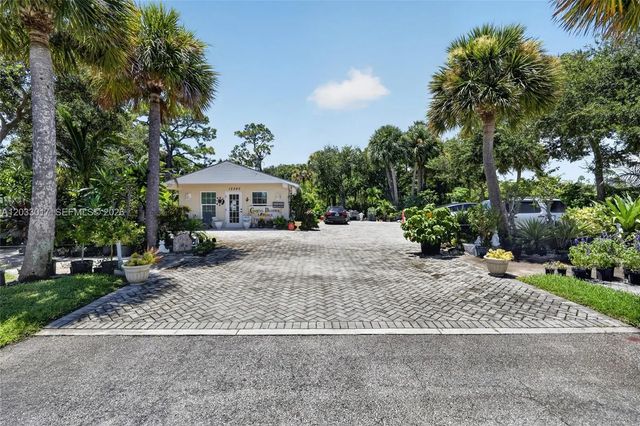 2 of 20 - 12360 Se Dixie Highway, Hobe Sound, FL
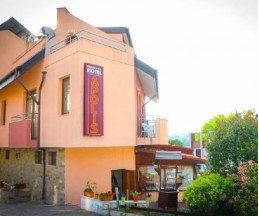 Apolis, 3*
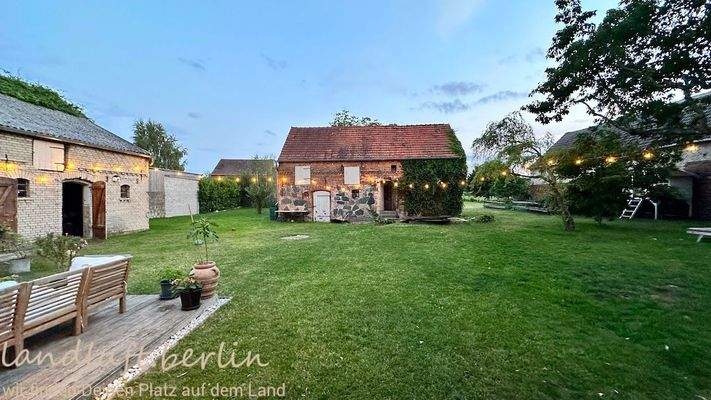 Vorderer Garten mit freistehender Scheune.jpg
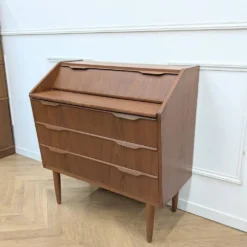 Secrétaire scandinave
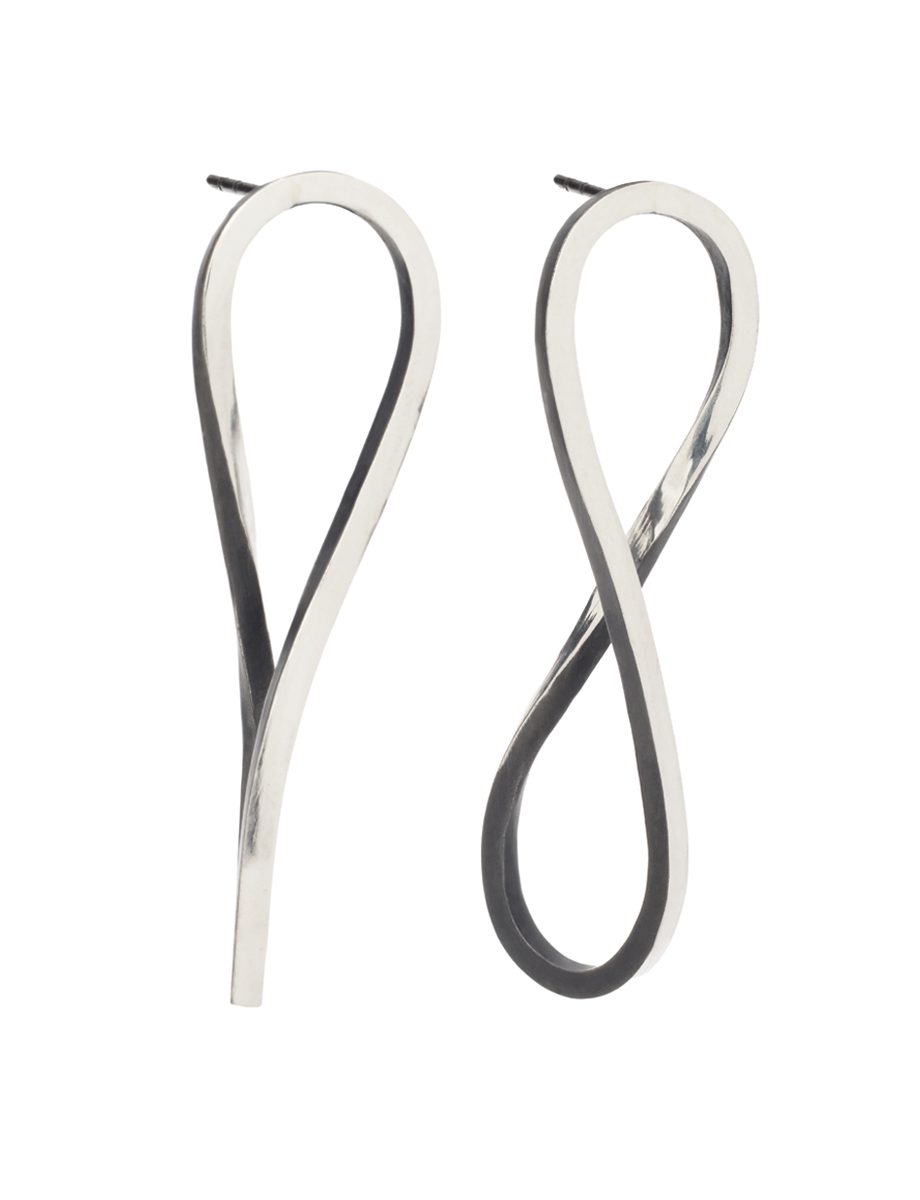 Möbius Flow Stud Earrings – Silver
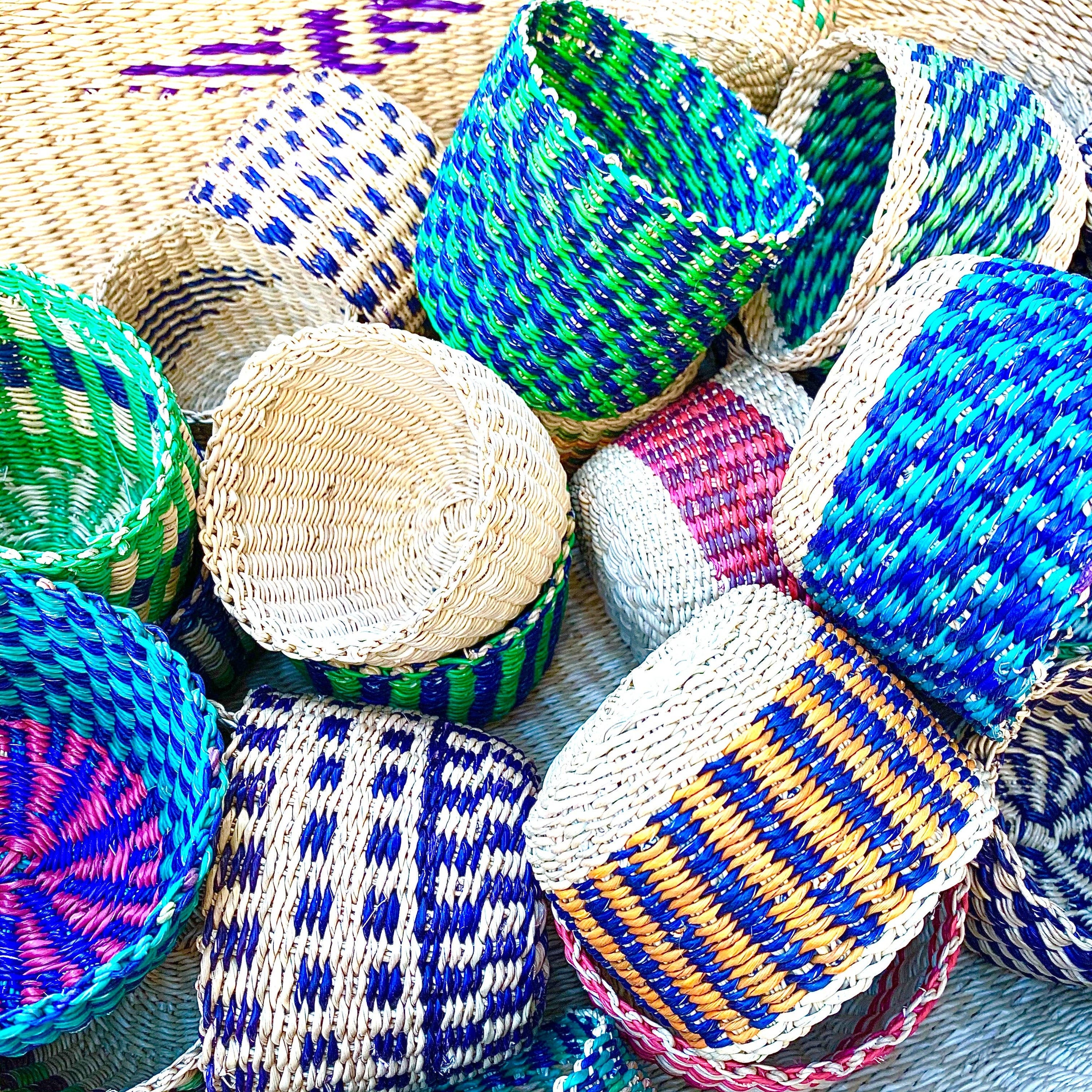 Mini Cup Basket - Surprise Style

* * *

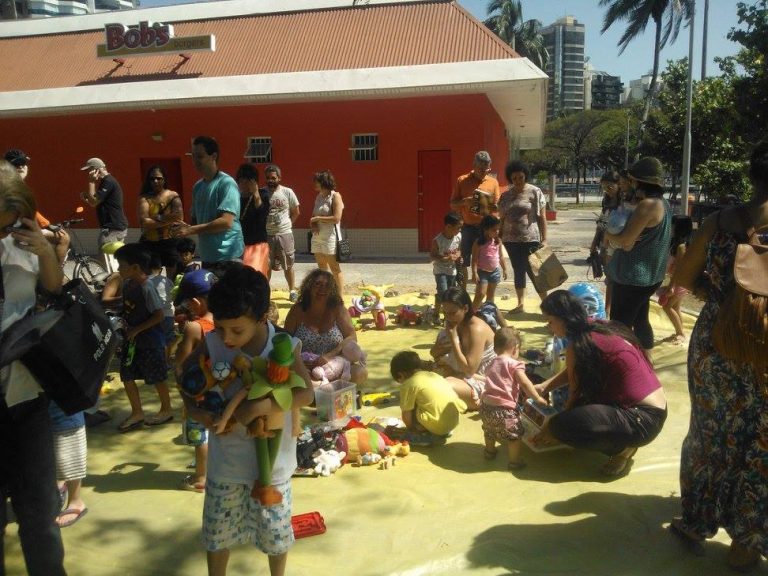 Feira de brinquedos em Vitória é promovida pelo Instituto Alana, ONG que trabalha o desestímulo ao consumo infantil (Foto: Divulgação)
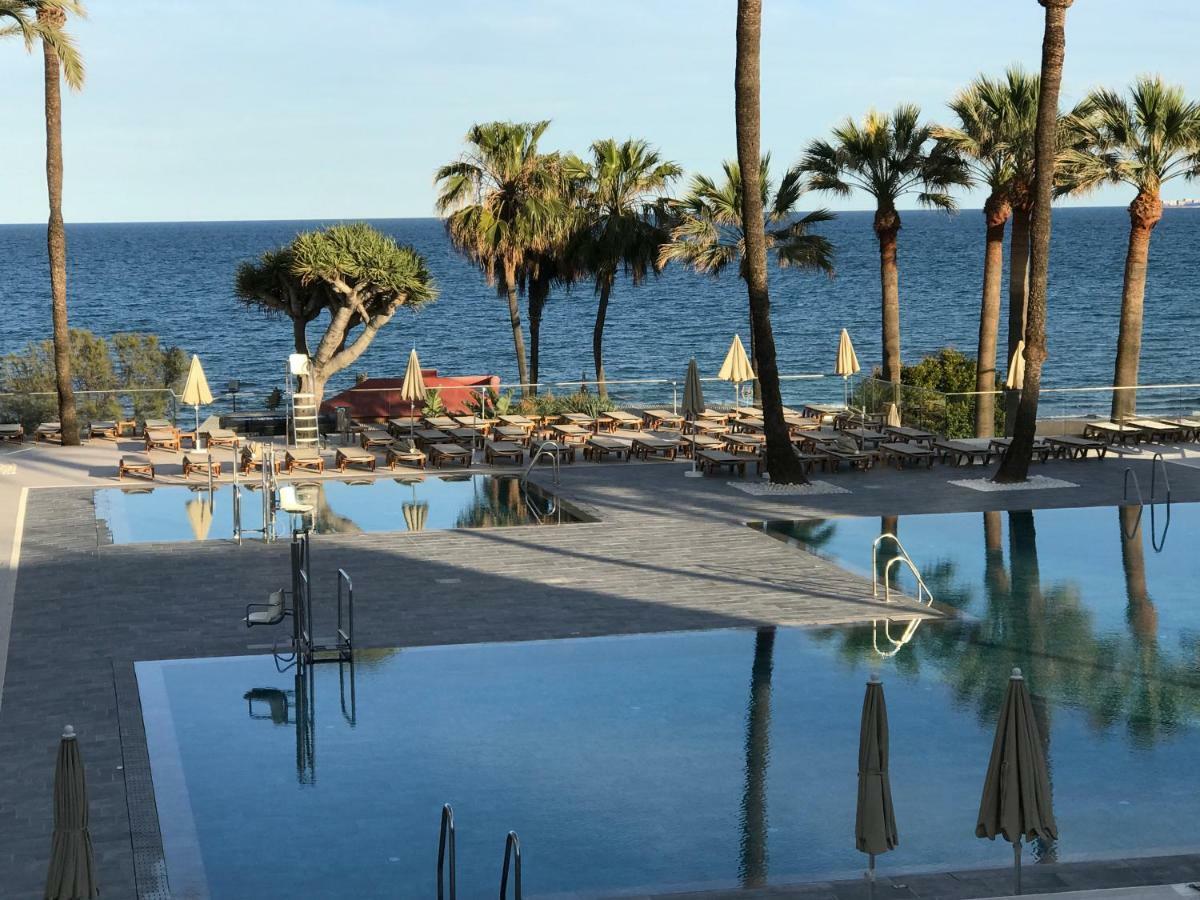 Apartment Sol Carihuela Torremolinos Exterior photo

What to work on -> Look above and copy only the lines from the one holding "Feira de brinquedos" to the one holding "Apartment Sol Carihuela", both included, exactly, minus the pictures.

Worked solution ->
 Feira de brinquedos em Vitória é promovida pelo Instituto Alana, ONG que trabalha o desestímulo ao consumo infantil (Foto: Divulgação)
 Apartment Sol Carihuela Torremolinos Exterior photo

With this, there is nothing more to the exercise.